Changes in development

  • I kept too tight grip on MapDB, tried to make it perfect, that made development too slow
  • way more blog posts
    • comments on various projects, algorithms, papers
    • staging place for documentation,
      • new feature will be first documented in blog post for comments, then moved into separate chapter
  • youtube channel
    • screencast videos to walkthrough code in IDE (very fast to produce, good for quick introduction)
  • change in a way documentation is made
    • bullet point oriented format
      • very fast to make, very readable
      • Antirez from Redis originally used this format
      • contributors are welcomed to reedit and polish the documentation
    • more code oriented
      • code examples will be written first, before code
  • change in release cycle
    • MapDB4 is the last major release
    • various formats will be introduced, and deprecated, but never removed
    • new formats (or collections) will start new file header, and use different implementations
    • new minor (4.X) version will be out every month
    • integration tests take about week to finish
      • dedicated machine will run integration tests nonstop
      • so every week there will be stable snapshot release or minor (4.0.X) bugfix release
  • changes in unit tests
    • way more unit tests
    • test full matrix of all configuration options; CPU is cheap
    • concurrency stress tests
    • performance regression testing (MapDB 3 release was disaster)
    • test storage format compatibility (can read and modify files generated by older 4.0.0 release)

Roadmap for next 3 months

  • first priority is to finish Elsa Serialization library, but final version will be released together with MapDB 4

  • MapDB 4.0 should be out at end of October
    • with features of MapDB 3, but without open TODOs (missing compaction)
  • there will be many blog post describing my progress on MapDB

  • semi-stable release (passes acceptance tests) should be out every week

New features after 4.0 release

I have very long list of ideas. So I will go through my bookmarks and notes; and put everything into series of blog posts.
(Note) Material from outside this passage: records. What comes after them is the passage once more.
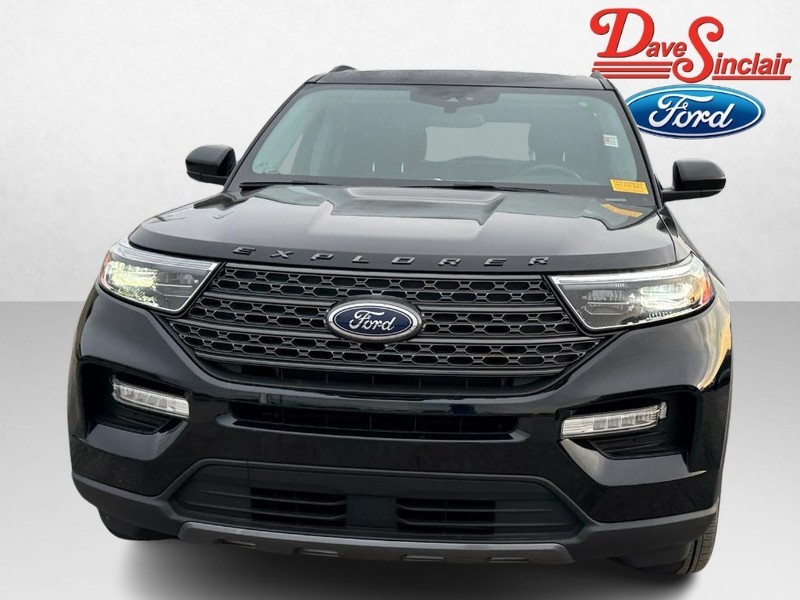 Ford Explorer Vehicle Full-screen Gallery Image 02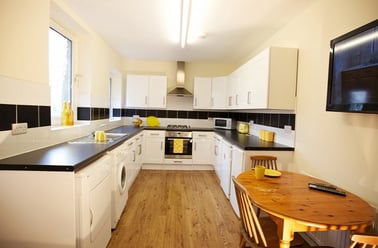 Coulston Road, Scotforth, Lancaster - Image 3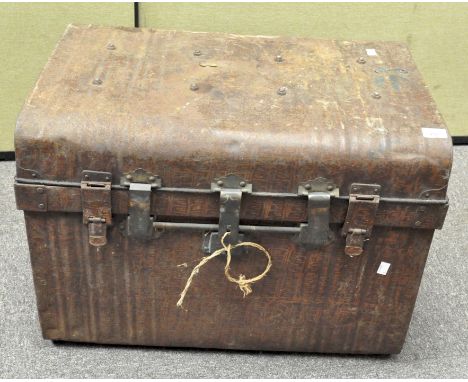 A large vintage metal GWR travelling trunk, 'Steel Brand' plaque to the inside, 52 cm  x 70 cm x 50 cm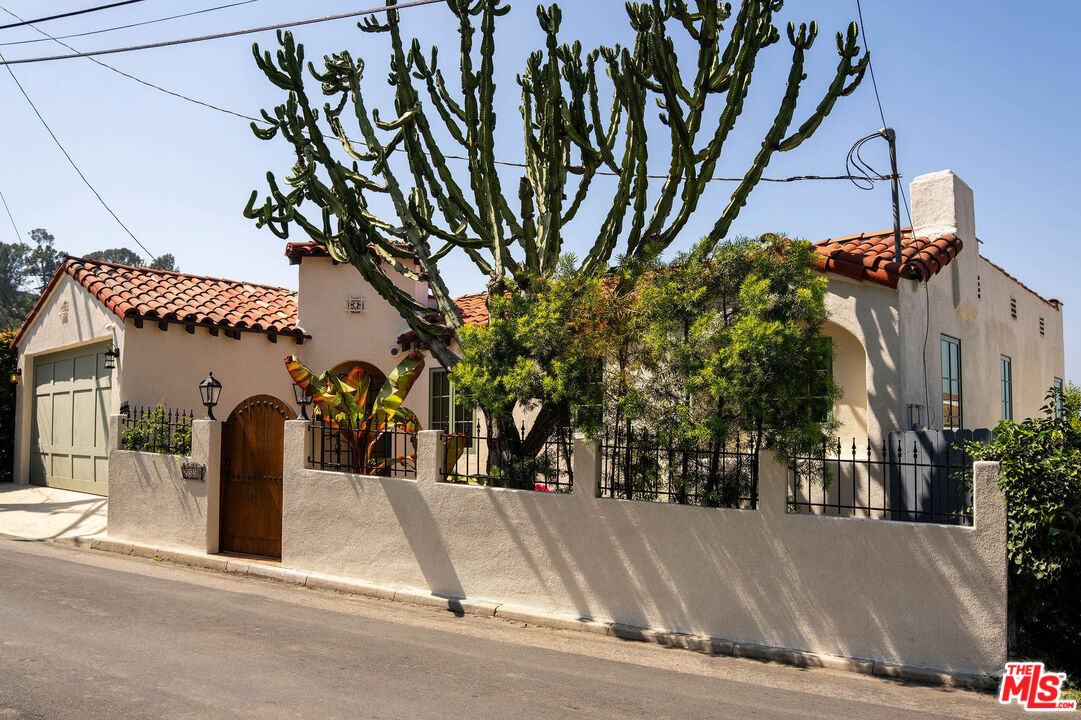 2558 Corralitas Dr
So far most requested features are:

  • extra collections to support cryptography and blockchain applications
    • authenticated merkle tree (immutable, fast creation with data pump)
    • authenticated skip list, already written for iodb
  • LSM Store based on IODB
    • supports snapshots
    • supports branching (the same way Git or other CVS)
  • data pump for everything
    • including hashmap
    • fast creation is important for Merge algos
  • spark compatibility
    • spark data frames is functional data transformation language
      • it also defines how data should be partioned to fit into memory on single node
    • spark uses several nodes
    • but single node spark swaps data in-out of memory
    • mapdb can do it way more efficiently (10x?)
    • so I want to have some compatibility with Spark Data Frames
  • Query planner support
    • support some sort SQLish language with query planner and executor
    • take inspiration from Postgres extension API
    • SQL engine from SQLite VM?
    • use Spark Catalyst??
  • reactive support
    • planned for very long time I played with Kilim in 2008, JDBM3 was originally steered this direction
    • based on Kotlin continuations and perhaps similar framework
    • based on AsynchronousFileChannel
    • non-blocking disk IO
    • should include MapDB and most of its collections
    • support for Akka, RxJava and similar frameworks
  • time series database

  • graph databaseā€¦